Since 2013, she has served as a Senior Artist Teacher with her own composition studio on the faculty of The Hartt School. In 2014, she joined the composition faculty of the Wintergreen Summer Music Festival and Academy.

==Compositions==
Lyons has received commissions from, among others, the ASCAP Foundation / Charles Kingsford Fund, American Opera Projects, Amy Pivar Dances, the Beijing New Music Ensemble, ComposersCollaborative Inc., Fort Greene Park Conservancy, Paul Sperry, Two Sides Sounding, Adrienne Dandrich, Thomas Bagwell, the Finisterra Trio, Entelechron Trio, Kyo-Shin-An Arts, the 5 Borough Music Festival, the AIDS Quilt Songbook at Twenty, Mirror Visions, IonSound, Sweet Plantain String Quartet, and The Walt Whitman Project.

Lyons often turns to unusual sources for texts, and combines ritualistic chant and expanded vocal techniques. Tom Strini in the Milwaukee Journal Sentinel described "Nahuatl Hymn to the Earth Mother" for treble choir as “hair-raising, yet elegant, [with] slides, dips, yips and yelps amid ceremonial intensity." (Clarion CLCD-936) The wide range of her textual sources embraces poetry by grade school children in the Bronx "Songs from the F Train", (commissioned by American Opera Projects, and published by Schott, 2010), the Anne Sexton-inspired solo voice cycle "A Small Handful" (EC Schirmer, 2006), and even "transforms acronyms, route numbers and letters and a listing of transit-authority service changes into a comic soprano and mezzo-soprano duet [called] rapid transit".

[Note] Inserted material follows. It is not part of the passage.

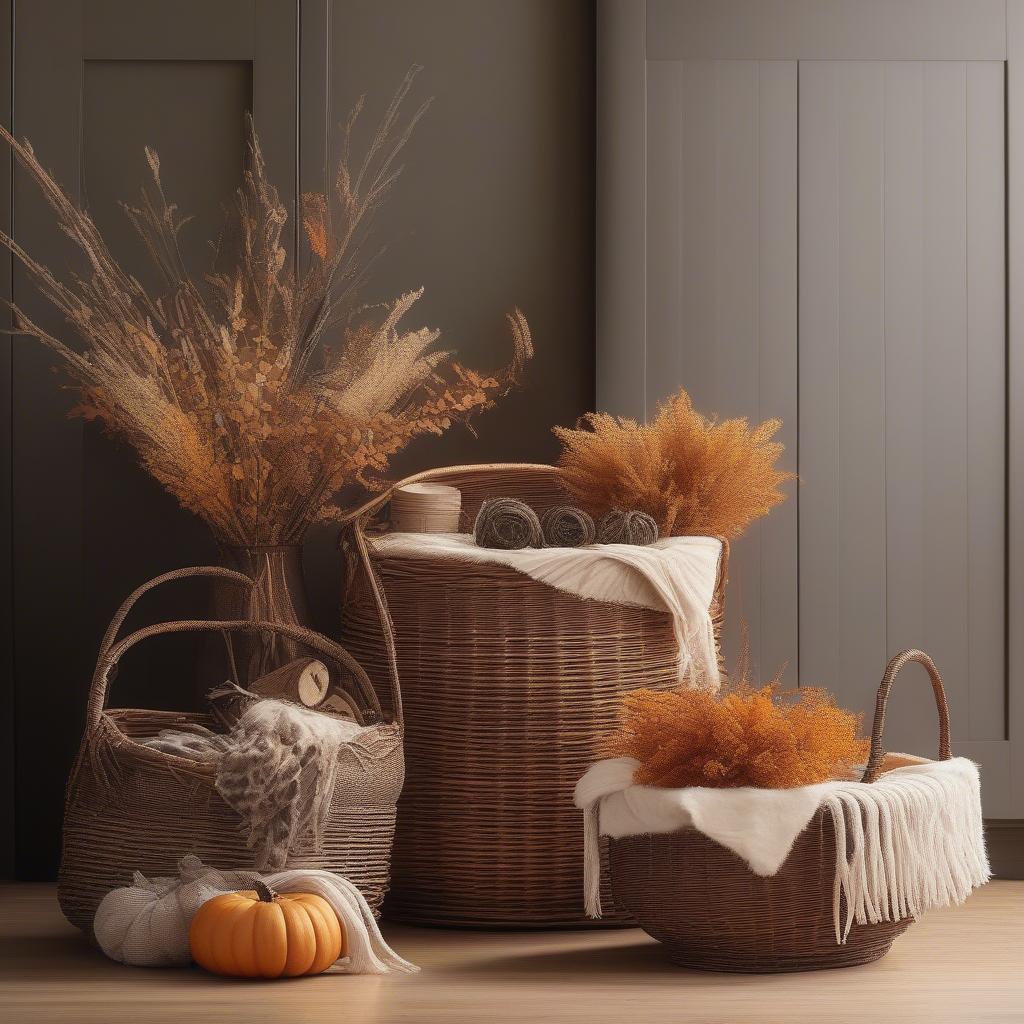 Wicker Storage Baskets in Fall Decor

She also incorporates visual imagery, as in the multi-media work "riverrun", (images by Holen Sabrina Kahn) and combines voice with pre-recorded sound, as in "walk, run, fly", which she premiered at The Flea Theater in New York City in 2012, and "Coney Run", in which she integrates piano, voices, and music concrete.

Schott Music, EC Schirmer, and Burning Sled Music publish her music. Recordings are available on the GPR and Clarion labels.